Wear Purple For Spirit Day!

One of the most frequent questions I am asked while advocating for LGBT social justice is:

“What can I do to help?”

My simplest suggestion: Make it known that you are a friend.

It is easy enough to get swamped by the diverse range of specific issues that accompany LGBT equality. In broad terms, increasing tolerance and compassion, means setting our sights on supporting basic human dignity as well as how we reflect the expression of that dignity through civil rights. I am particularly fond doing what I can to encourage increased awareness and tolerance in faith communities, as I myself have intimately experienced the important connection between a healthy spirit and human dignity. As I am finding out, equality is more than legislation, it is about the heart of community. It is about being open to being a friend.

Through the many Inside Out Faith events over the past year, some of the most heart-wrenching things I hear are the accounts of many who have been bullied because of their sexual orientation. It’s more than sticks and stones. Attacking the core dignity of a human being through words is only the beginning of what can later turn into physical harm. The cunning nature of prejudicial speech is the potential violence it may incite. If violence can begin with an expressed idea…then so too can peace.

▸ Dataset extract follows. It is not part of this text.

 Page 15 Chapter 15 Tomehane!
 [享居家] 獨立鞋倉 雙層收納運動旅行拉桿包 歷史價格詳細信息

That’s one of the reasons I’ll be wearing purple on October 19th.

Along with my good friends at GLAAD, I’m donning my colors to show that I am in the spirit of change. Let folks know your spirit…it begins with being seen as a friend.

  1. The issue of disrespect is no small thing. Its deepest root lies in the perception of unequal spiritual status – the inequality of being before God. It is and has been the source of violence, bloodshed, wars, feelings of humiliation, motives toward revenge, and of hatred so intense that the wish to obliterate the ‘other’ becomes natural, even inevitable. Being deprived of human dignity on the level of one’s being can, and often has, fostered the most intense kind of anger among dispossessed people everywhere. We may well ask if such anger is indigenous to the human heart, and if so, how it can be healed?